The disagreements between the two feel as if they become less severe as they get more specific. Bradshaw accepts that trans women may be excluded from specific spaces under the Equality Act (“Yes, in certain circumstances”) and does not think JK Rowling’s recent creation of a single-sex women’s refuge in Scotland was transphobic. (“There’s no problem with Rowling doing what she wants to do,” he says. “It’s just not what most refuges are comfortable with.”) Bradshaw is also open to the fact that sporting bodies may find it necessary to limit their competitions to those born female. (“Domestic and international sporting bodies are feeling their way very sensitively based on the evidence on all of these issues.”) He also thinks Isla Bryson, the convicted Scottish rapist who identified as a trans woman when awaiting her trial, was rightly removed from a woman’s prison. (“As far as I understand it, she was always kept segregated.”)

Duffield is unconvinced that agreement can easily be found. She brings up the case of the transgender comedian and Labour activist Eddie Izzard. “We’re talking about people who are describing themselves as being in ‘girl mode’ and in ‘boy mode’ – you can’t legislate for that. I don’t believe anyone believes that Eddie Izzard dressing ‘as a woman’ has become one. And therefore why are we being told to address him as a her?”

She thinks the issue is more divisive than anti-Semitism was for the party, but also sees parallels in how silent many of her party’s MPs are on the issue. She understands why other gender-critical voices in the party are quiet – “there are a lot of people that would like to see some horrible things happen to me,” she points out – but Duffield wishes that powerful men who agree with her position would speak out. When she meets young gender-critical women she now advises them not to speak up. “I have to admit, I advise them not to talk about their views, because I want them to be able to have a career. I don’t want them to be cancelled in their worlds.”

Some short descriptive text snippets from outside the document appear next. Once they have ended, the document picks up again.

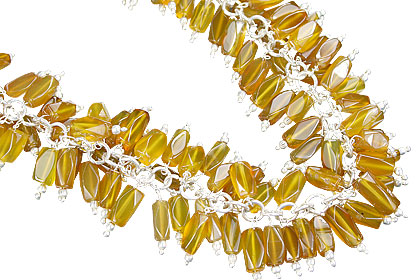 SKU 16461 - a Aquamarine Necklaces Jewelry Design image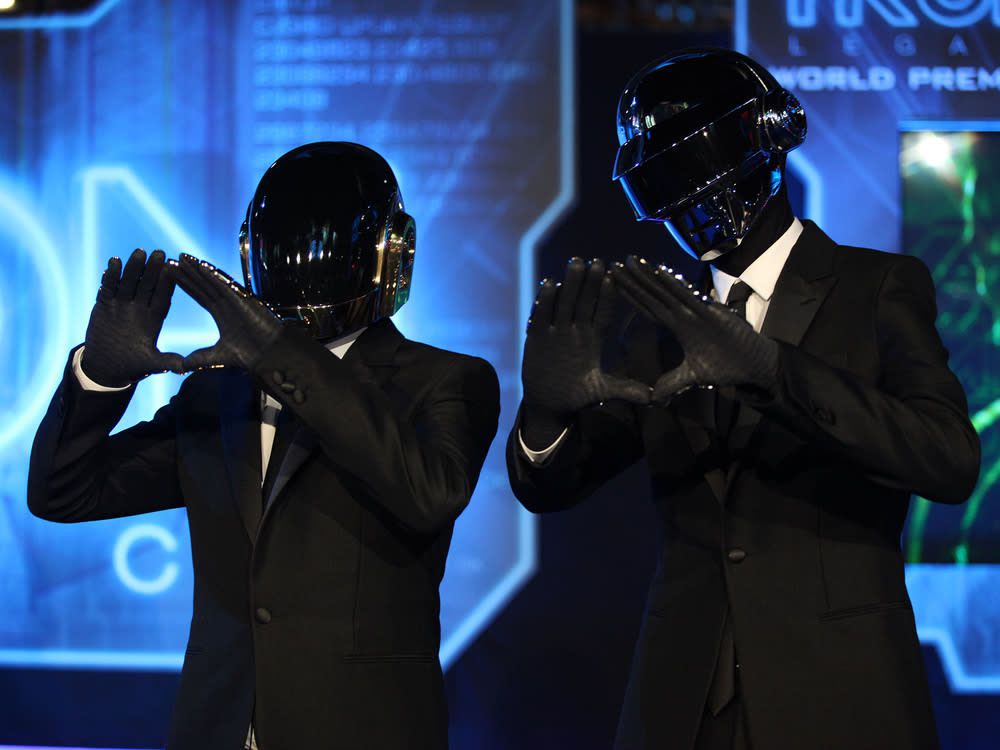 Daft Punk: Wenn Roboter Gefühle zeigen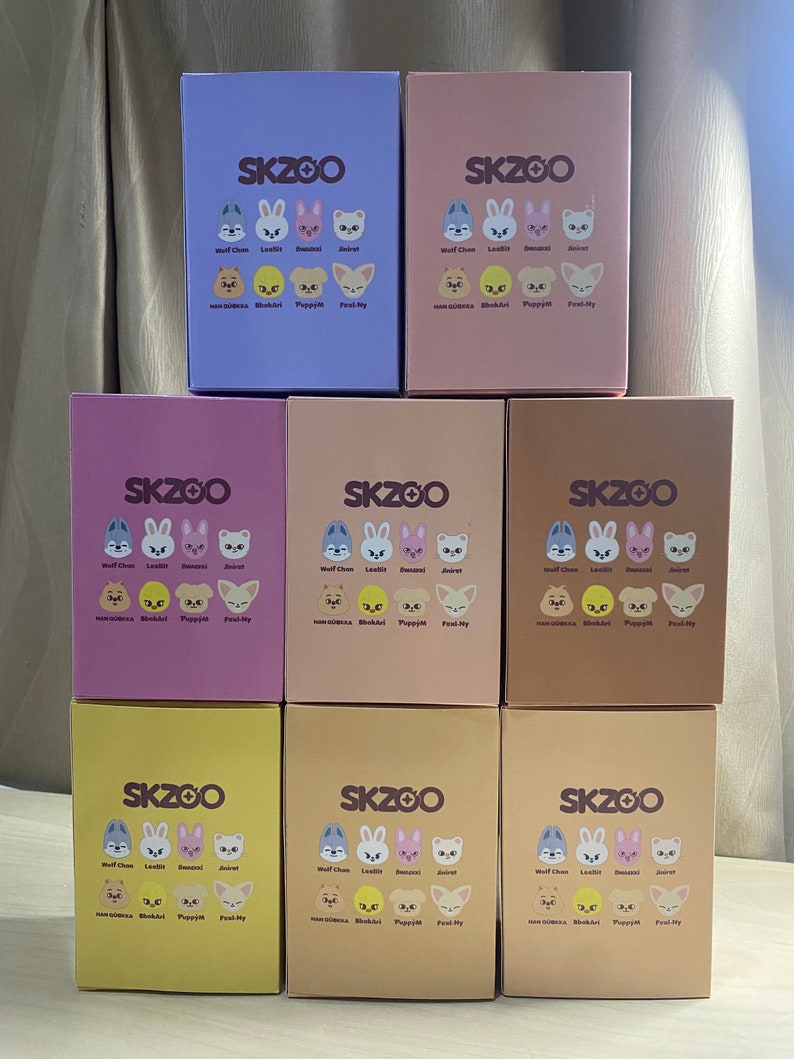 Sac à Dos SKZoo Stray Kids En Peluche - Mini Sac Léger 150g, Bretelles Ajustables - Design Mignon KARMA, Pour Fans
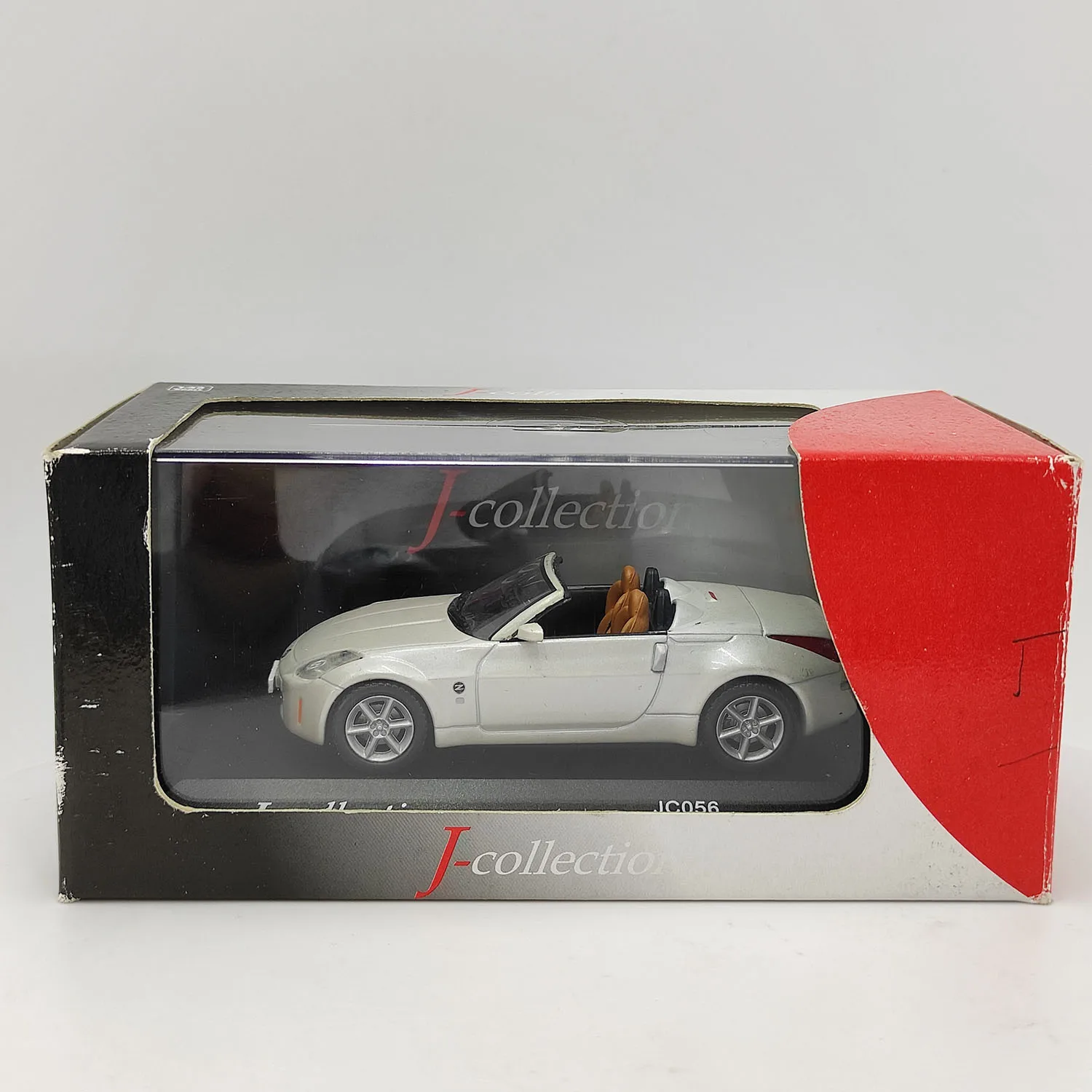 Defekt Diecast JC 1:43 Skala 350Z ROADSTER ZAMKNIĘTY Kabriolet Model Samochodu ze Stopu Kolekcjonerski Prezent Pamiątka Ozdoba Ekspozycyjna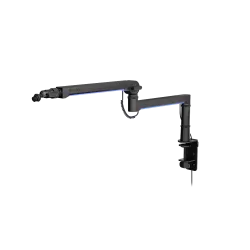 Стойка за микрофон ENDORFY Broadcast Low Profile RGB Boom Arm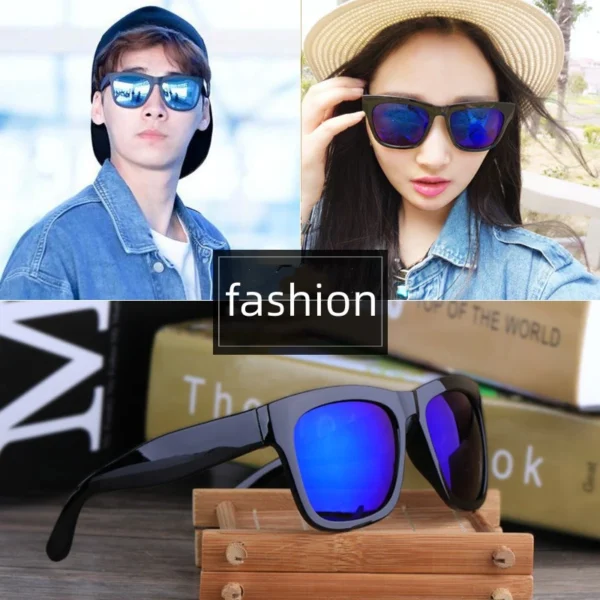 Kacamata Hitam Fashion Unisex/Kacamata Import Fashion Sunglasses Multi-warna opsional - Image 2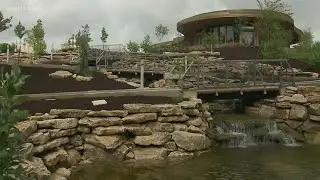 New pathway at Waterfront Botanical Gardens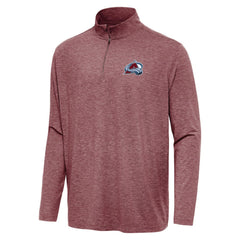 Colorado Avalanche Antigua Hunk Quarter-Zip Top - Burgundy | NHL online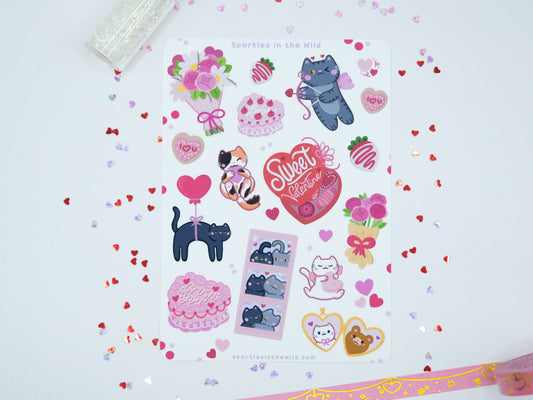 Sweet Love Sticker Sheet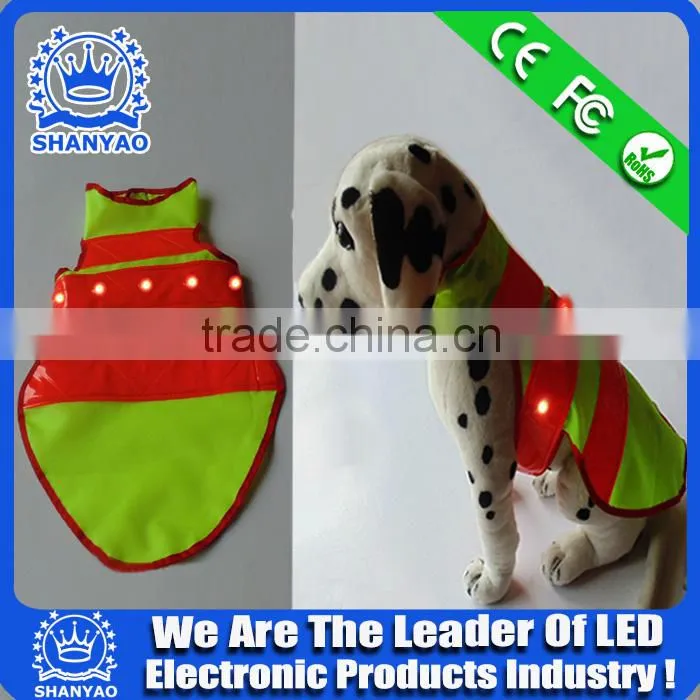 Reflective Safety Led Pet Dog Vest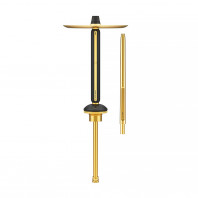 Кальян Alpha Hookah - Echo Gold (Noir) 48см (Без колбы)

When I caught up with Bradshaw after Badenoch’s announcement of a change to the Equality Act, he decried the move, which he saw as a culture war ploy by the Tories, one that is bound to fail and only serves to demonise trans people. Labour did not initially oppose Badenoch’s decision: “Clarification is a good thing,” a party spokesman told the Times this week. “We will look closely at what’s brought forward.”

The tension for Starmer is whether he can satisfy both Bradshaw and Duffield as he bids for power. He has made no attempt to broker a compromise between the two in the first three years of his leadership. But any fissures over this issue are sure to resurface in an election campaign – both the press and the Tories will make sure of that.